小さな瓶の中にはピンク色の液体が揺れており、すくなくともヒヨリが授業で扱ったことのあるどの薬とも異なっていた。あの男、ギャレスからのものであれば即その場を離れるが、少なくとも目の前の友人は危ない薬の治験を人にやらせるような人物ではないはずだ。
「それで、何この薬」
「……まぁ有体に言えば……感度100倍薬」
「帰る」
「わー!待って!待ってってば!」
立ち上がろうとするヒヨリの手を掴み、無理やり椅子に座らせるケイト。
「僕、怪しい薬には手を出さない主義なんだ」
「大丈夫、安全性はちゃんと確認済みだし、それにヒヨリにも悪い話じゃないと思うんだ」
返してもらえなさそうだと覚悟を決めた様子のヒヨリにケイトが事の経緯を話はじめる。
きっかけはとある学生から依頼された時間倍速薬の開発だった。退屈な授業や嫌な罰則の時間を一瞬で終わらせるために自分の時間間隔を速めるための薬。その薬の開発にギャレスとケイトは夜な夜な使われていないトイレで実験を進めてきた。そしてその副産物としてできたのがこの「感度100倍薬」というわけだった。

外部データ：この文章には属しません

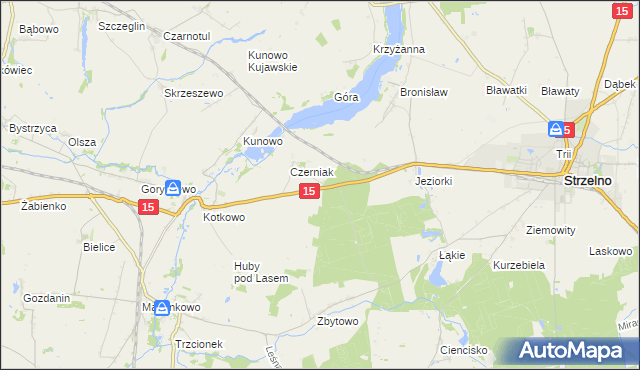 mapa Kopce gmina Mogilno, Kopce gmina Mogilno na mapie Targeo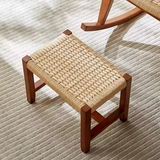 Traditional Japanese Weaving Ash Wood & Rattan Rectangular Rocking Chair with Recliner, Armrest & Footstool for Living Room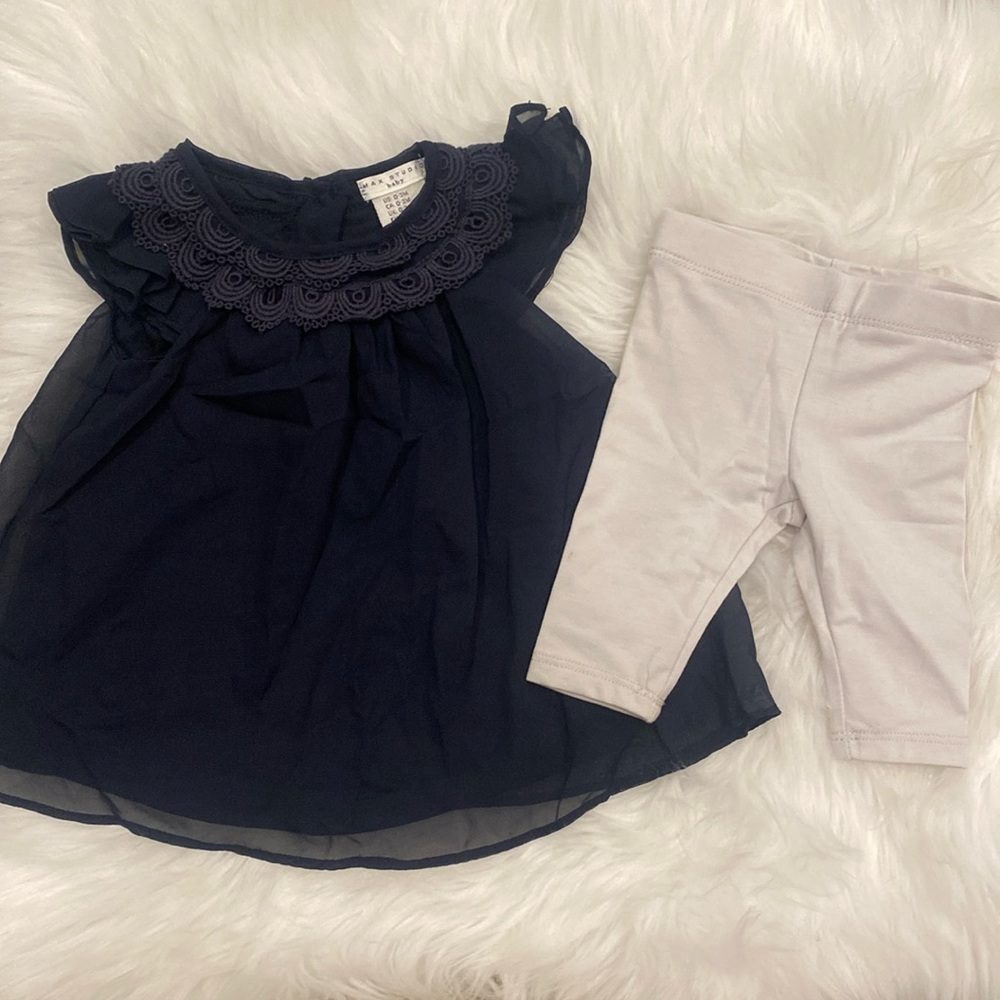 NWOT Navy blouse and light gray pants. 0-3m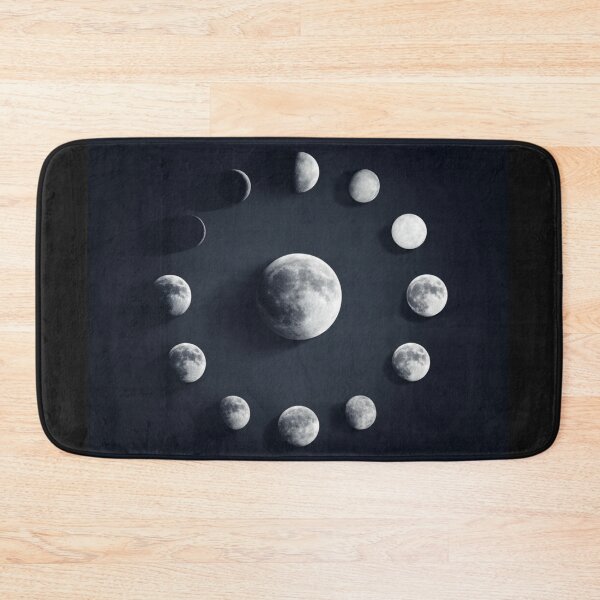 Item preview, Minimalist Lunar Phases Cycle Diagram - Black & White Scientific Moon Art designed and sold by casualnature.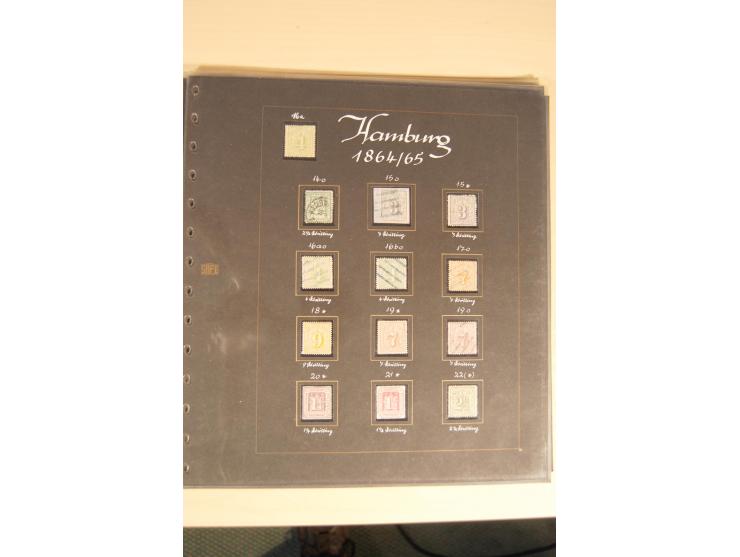 1850/67, ungebrauchte und gestempelte Sammlungen Braunschweig, Hamburg, Preußen, Sachsen, Thurn und Taxis, unterschiedliche E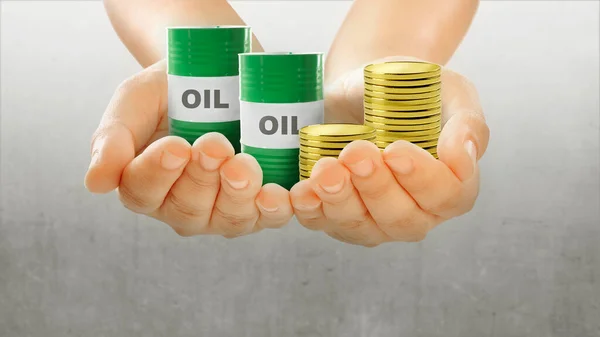 Human hand holding an oil barrel and a stack of coins with a colored background. Oil Crisis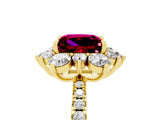 Yellow gold Princess Cut Cut Diamond Floral Halo Pave Band with Prong Setting_5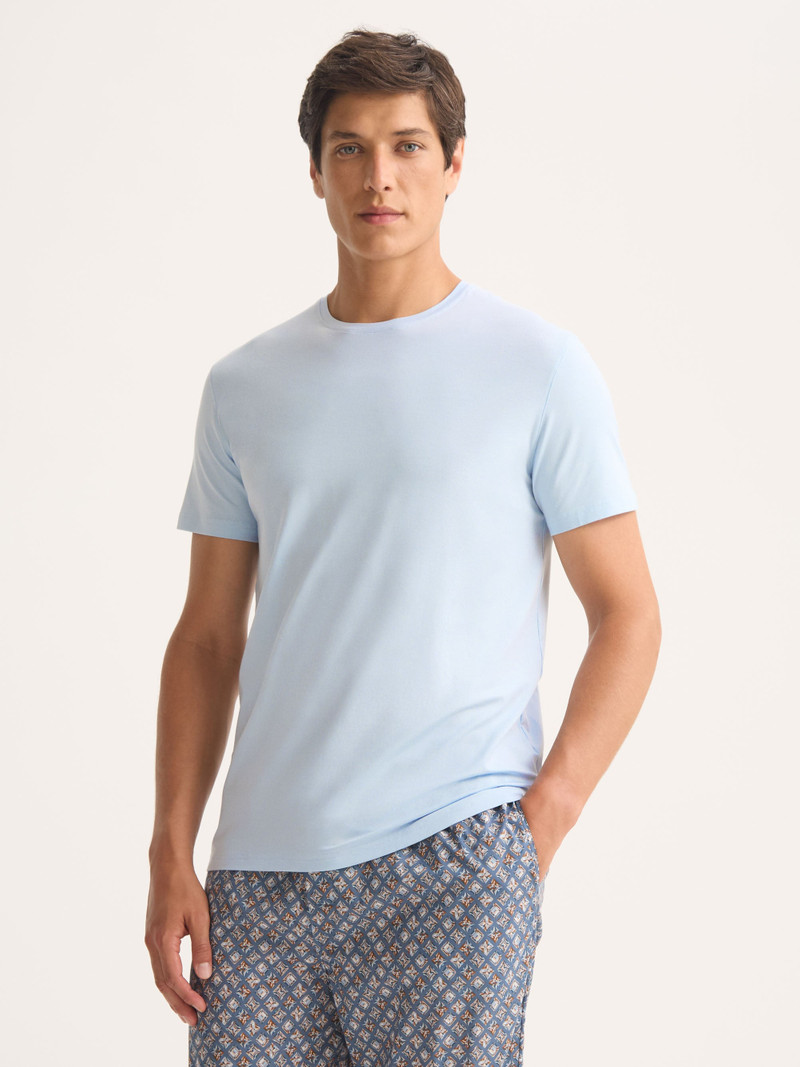 Men's T-Shirt Basel Micro Modal Stretch Light Blue 1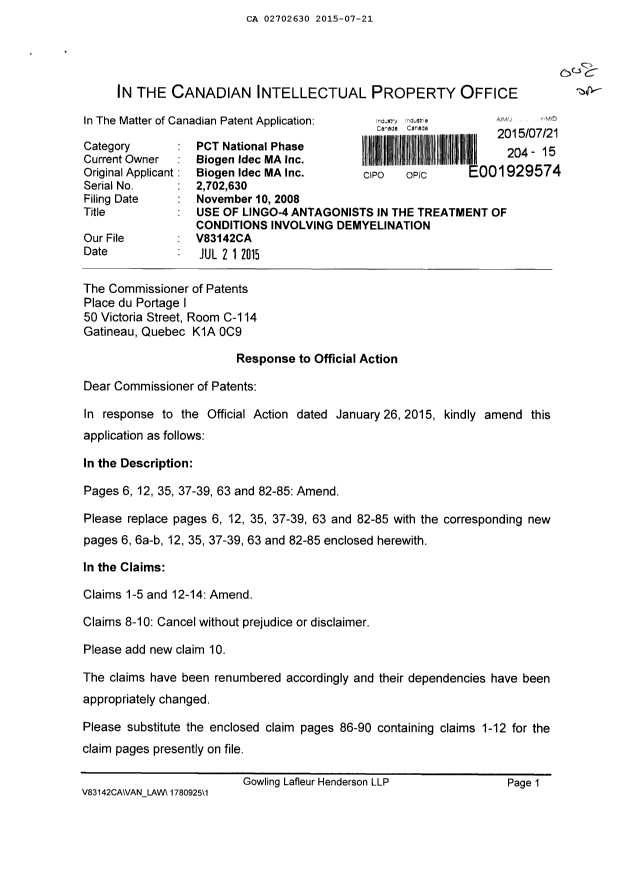 Document de brevet canadien 2702630. Poursuite-Amendment 20141221. Image 1 de 37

「時間倍速薬の材料が思ったより高価なものばかりで……数に限りがあるもののこれで少しは補填しようってわけ」
ケイトが瓶を揺らせば赤い液体が光を反射する。
「……魂胆は理解したけど、それとこれとは」
「そんなに危ないものでもないんだ。効果が出るのはゆっくりだし、ちょーっとだけいつもより感じやすくなって、しかも効果時間は一晩だけ。これでも恋人たちにはいつもと違う恋人の様子を見ることができるって結構人気でさぁ……あの薬の副産物じゃなかったら大量生産も考えてもよかったんだけどね」
やれやれと首を振るケイトにヒヨリは少しだけ考えるようなそぶりを見せた。
「見ての通り、残りはわずか二瓶だけ……ヒヨリも、たまには恋人のいつもと違う姿とか見たいんじゃない?」
ニヤニヤと笑うケイトの言葉にヒヨリはセバスチャンのことを思い浮かべる。別に彼との行為に不満があるわけではない。確かにちょっといじわるなときもあるけど、自分のことを大切にしてくれているのはわかってる。それでもいつもと違うセバスチャンが見たくないのかと言われたら……
「……で、いくらなの」
しぶしぶと言った様子で尋ねるヒヨリにケイトが提示した価格は、その辺の魔法薬とは比べ物にならない価格。どれだけ高価な材料を使ったのだろう。
「さすがに高すぎない?」
「これでも材料費ぎりぎりだよ。それにヒヨリなら払えない価格じゃないと思うけど?」
「うーん」
「あ、ケイトいた!」
ヒヨリの思考をかき消すような元気な声が聞こえ呼ばれた本人であるケイトとともにそちらに視線を向けると、ケイトと同じグリフィンドール寮のジャックが走って近寄ってくる。
「ジャック、どうしたの?」
「ちょっと魔法薬学のレポート手伝ってほしくて……でも二人の邪魔しちゃ悪いからあとででいいよ!」
「僕は構わないよ、こっちの話ももうすぐ終わるから座って待ってたら?」
「いいの?ありがとう!」
にこにこ笑いながら空いていた椅子に腰かけるジャック。
「すぐに終わるってことは商談成立ってこと?」
「まさか!そうだな……これくらいなら考えてもいいよ」
「え?僕にも紅茶いれてくれるの?ありがとう!」
「それはあんまりじゃないか?……これならどうだ」
「だめだめ……じゃあこれなら?」
「おいしい……でも今はちょっと甘いのがいいな……はちみつとかある?」
「うーん……ヒヨリは友達だし……これは?」
「もう一声!」
「この瓶かな?……なんか甘い匂いする!」
「ヒヨリは上手だなぁ……」
「ケイトだってそれをわかったうえで僕に声かけたんでしょ?」
「ゴクン……うん、おいしい!あ、ケイトのカップも空っぽだからいれてあげるね!」
「わかったよ……これ以上は無理だからな!」
「……買った!」
よほど白熱したのか徐々に乗り出していたからだを椅子の背もたれに預け、ヒヨリとケイトは気持ちを落ち着けるように手元のカップから紅茶を一口飲み込むと息を吐いた。そんな二人の様子に状況をよくわかっていないジャックがよかったね、と声をかける。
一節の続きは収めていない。